### DIRECTIONS
Everything in the listing below needs restating exactly, apart from the pictures.

### RECORDED INFORMATION
= Beginning of Section =

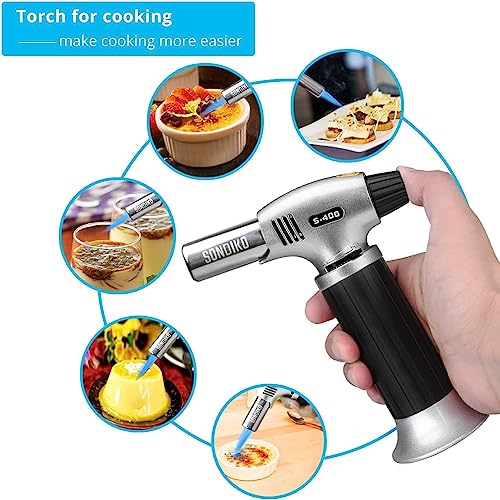 Sondiko Butane Torch Lighter S400 2 Pack, Refillable Kitchen Torch with Safety Lock and Adjustable Flame for Desserts, Creme Brulee, and Baking(Butane Gas Is Not Included)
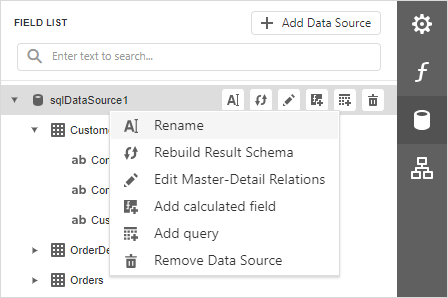 Web Report Designer - Context Menu for Data Sources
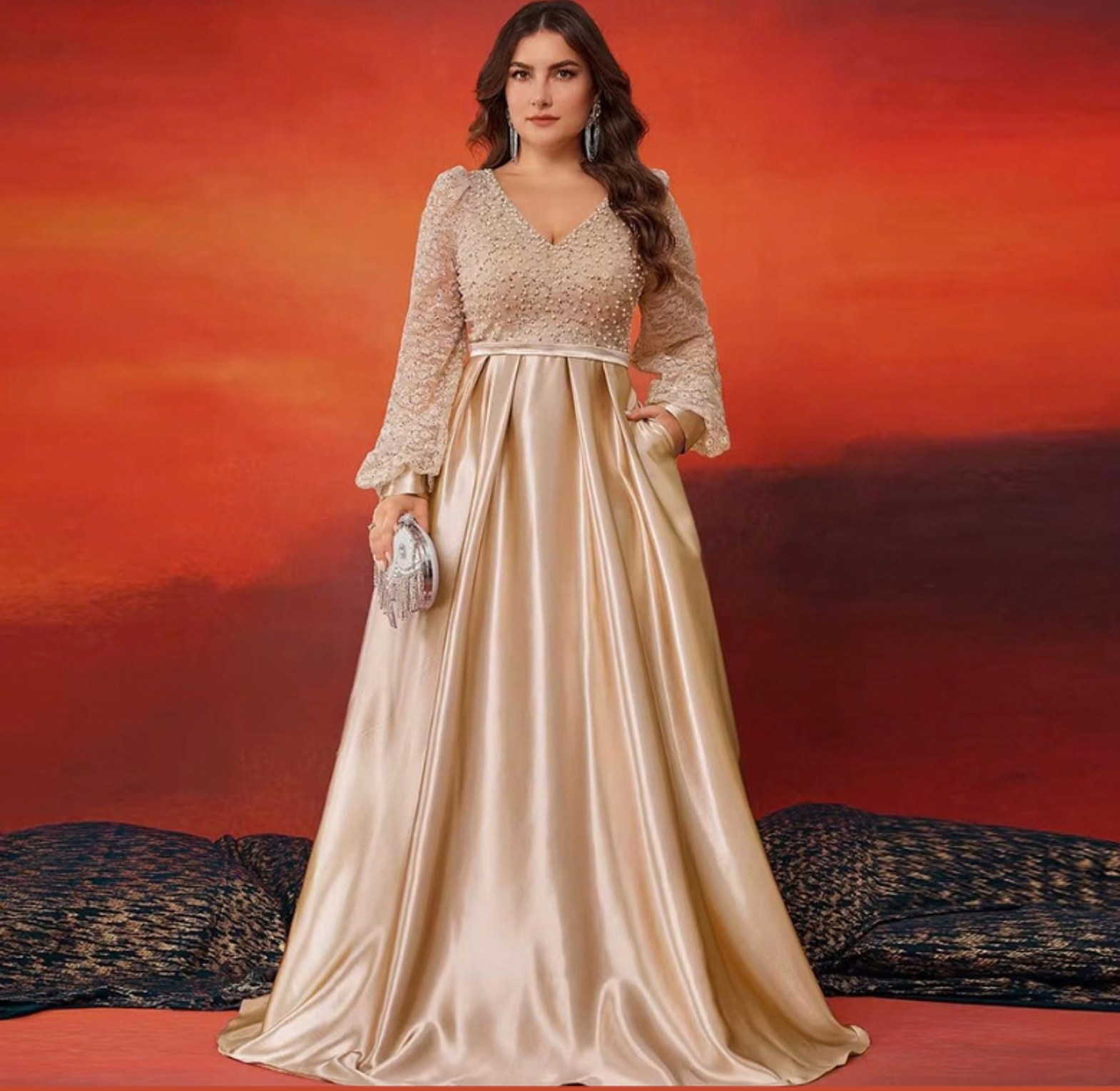 Aurelia Embellished Satin Gown image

= End of Section =

### SOLUTION TO THE EXERCISE
 Sondiko Butane Torch Lighter S400 2 Pack, Refillable Kitchen Torch with Safety Lock and Adjustable Flame for Desserts, Creme Brulee, and Baking(Butane Gas Is Not Included)
 Web Report Designer - Context Menu for Data Sources
 Aurelia Embellished Satin Gown image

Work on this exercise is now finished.